SQL Server wait statistics or please tell me where it hurts

How many times have you experienced performance problems with SQL Server and decided exactly where to look?

One of the most rarely used SQL Server performance troubleshooting methodologies is called “Waits and Queues” (also known as “Waiting Statistics”). The basic premise of the methodology is that SQL Server constantly keeps track of which threads have to wait. You can ask SQL Server for this information in order to reduce the list of possible causes of performance problems. “Expectations” is what SQL Server is tracking. "Queues" are resources that streams can access. The system usually captures a huge amount of expectations, and they all mean waiting for access to various resources. For example, waiting for PAGEIOLATCH_EX means that the stream is waiting to read a page of data from disk to the buffer pool. Waiting for LCK_M_X means that the thread is waiting to be able to impose an exclusive lock on something.

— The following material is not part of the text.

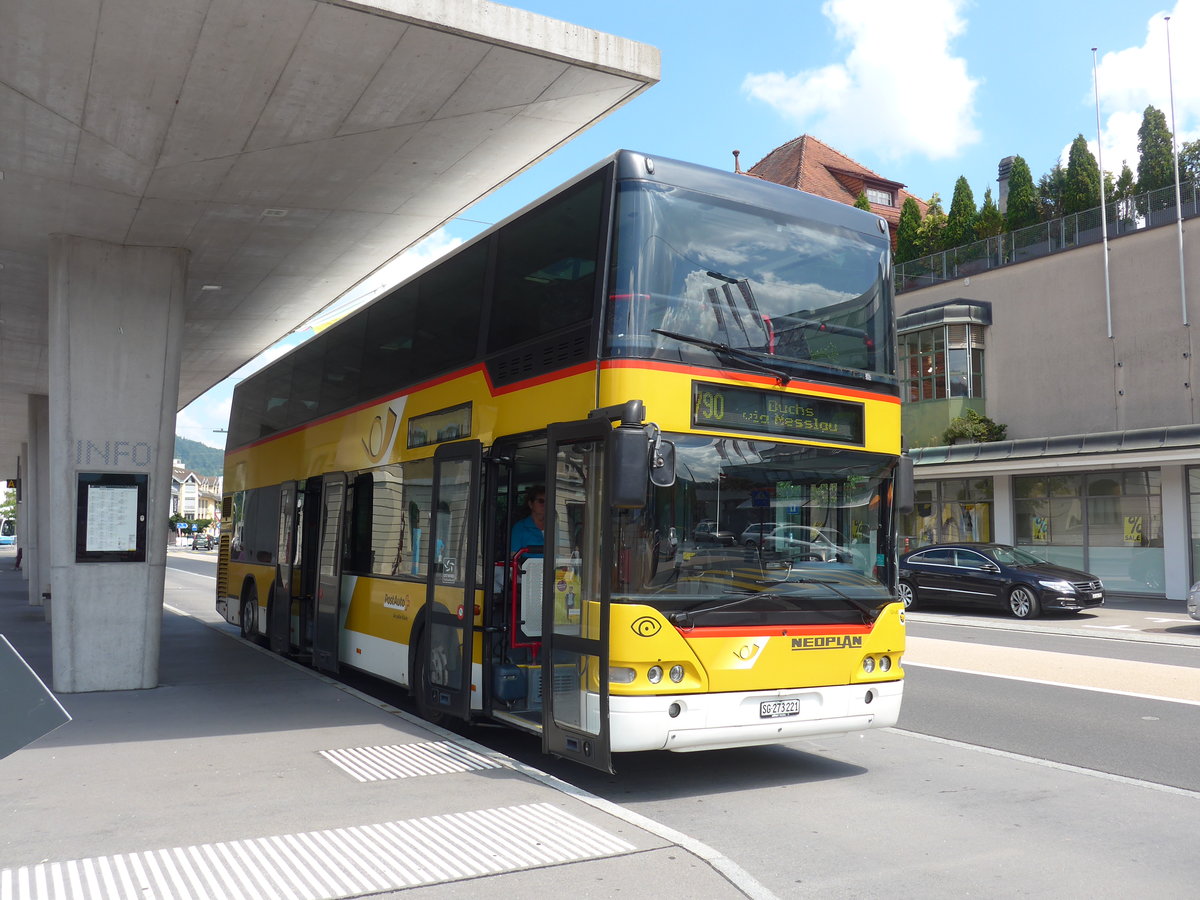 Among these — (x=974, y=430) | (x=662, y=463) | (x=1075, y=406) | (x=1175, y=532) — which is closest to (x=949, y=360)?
(x=974, y=430)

The great news is that SQL Server knows exactly what the performance issues are, and all you need to do is ask him ... and then correctly interpret what he will say, which can be a little more difficult.

The following information is for people who are worried about each expectation and understand what causes it. Expectations always arise. This is how the SQL Server scheduling system works.
')
The thread uses the processor and has the status of “running” (RUNNING) until it is faced with the need to wait for access to the resource. In this case, it is placed in an unordered list of threads in the "suspended" state (SUSPENDED). At the same time, the next thread in the queue of threads waiting for access to the processor, organized according to the FIFO principle (the first to arrive - first dropped), and having the status of “ready for execution” (RUNNABLE) gets access to the processor and becomes “running”. If a thread in the "paused" state receives a notification that its resource is available, it becomes "ready for execution" and placed at the end of the queue of threads ready for execution. The flow continues its cyclical movement along the chain “is being executed” - “suspended” - “is ready for execution” until the task is completed. You can see the processes and their states using the Dynamic Management View (DMV) sys.dm_exec_requests.

SQL Server tracks the time elapsed between the exit of the thread from the “running” state and its return to this state, defining it as “wait time” and time spent in the “ready to run” state, defining it as “time signal wait time ”, i.e. how long it takes for the thread after receiving a signal about the availability of resources in order to gain access to the processor. We need to understand how much time the thread spends in the “suspended” state, called the “resource wait time”, subtracting the signal wait time from the total wait time.

An excellent source of information that I recommend reading about this is the new (2014) waiting statistics document "Tuning SQL Server Performance Using Expectancy Statistics: A Guide for a Newbie" (English), which I advise you to read. There is also a much older document ( "Adjusting performance using expectations and queues" (English) with a lot of useful information, but quite obsolete at the moment. The best manual on various types of expectations (and classes of short-term locks) - my comprehensive library of expectations (English) and short-term blocking (English).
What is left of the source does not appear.